RECORDS FOR THE EXERCISE Start Marker

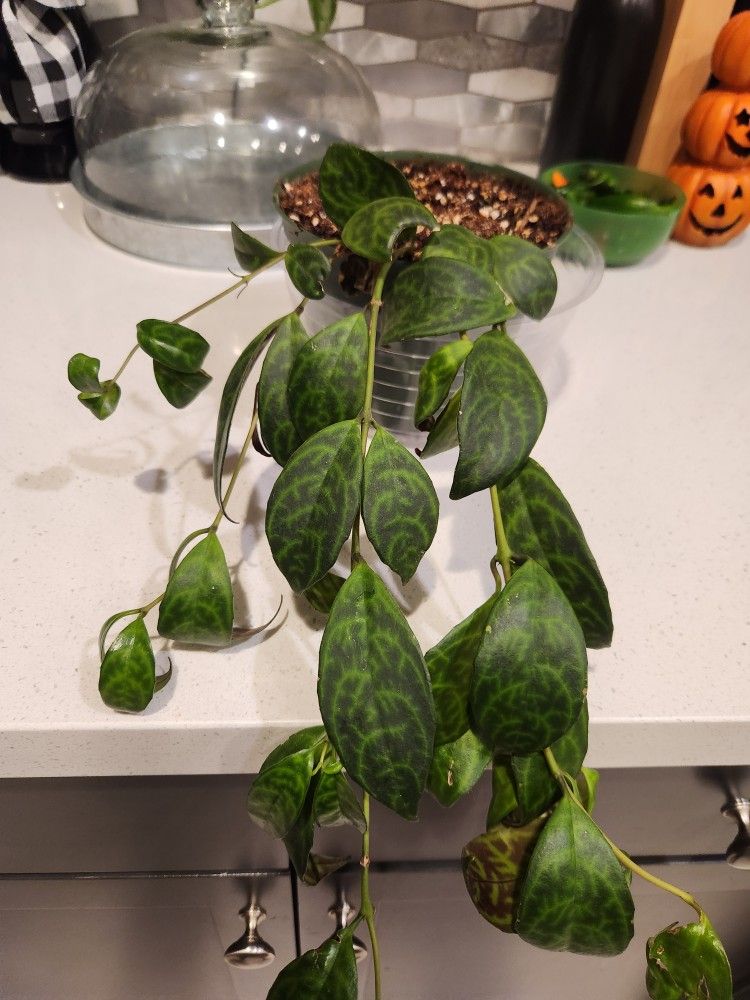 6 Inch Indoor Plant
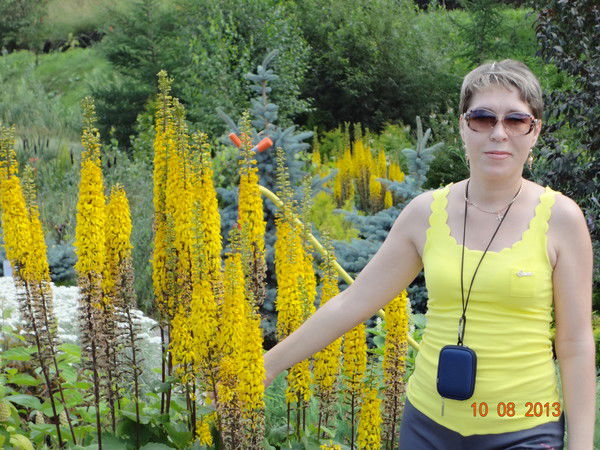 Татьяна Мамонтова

RECORDS FOR THE EXERCISE End Marker
RECORDS FOR THE EXERCISE Start Marker

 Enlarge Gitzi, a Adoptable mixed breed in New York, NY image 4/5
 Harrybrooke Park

RECORDS FOR THE EXERCISE End Marker
RECORDS FOR THE EXERCISE Start Marker

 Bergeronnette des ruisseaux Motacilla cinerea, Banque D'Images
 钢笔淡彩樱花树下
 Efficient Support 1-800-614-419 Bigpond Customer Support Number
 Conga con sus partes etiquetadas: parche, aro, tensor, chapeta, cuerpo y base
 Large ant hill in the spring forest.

RECORDS FOR THE EXERCISE End Marker

ACTIVITY: Copy out the lines above exactly, beginning at the one that contains "Efficient Support 1-800-614-419" and ending at the one that contains "Large ant hill in the spring forest.".

EXERCISE ANSWER:
 Efficient Support 1-800-614-419 Bigpond Customer Support Number
 Conga con sus partes etiquetadas: parche, aro, tensor, chapeta, cuerpo y base
 Large ant hill in the spring forest.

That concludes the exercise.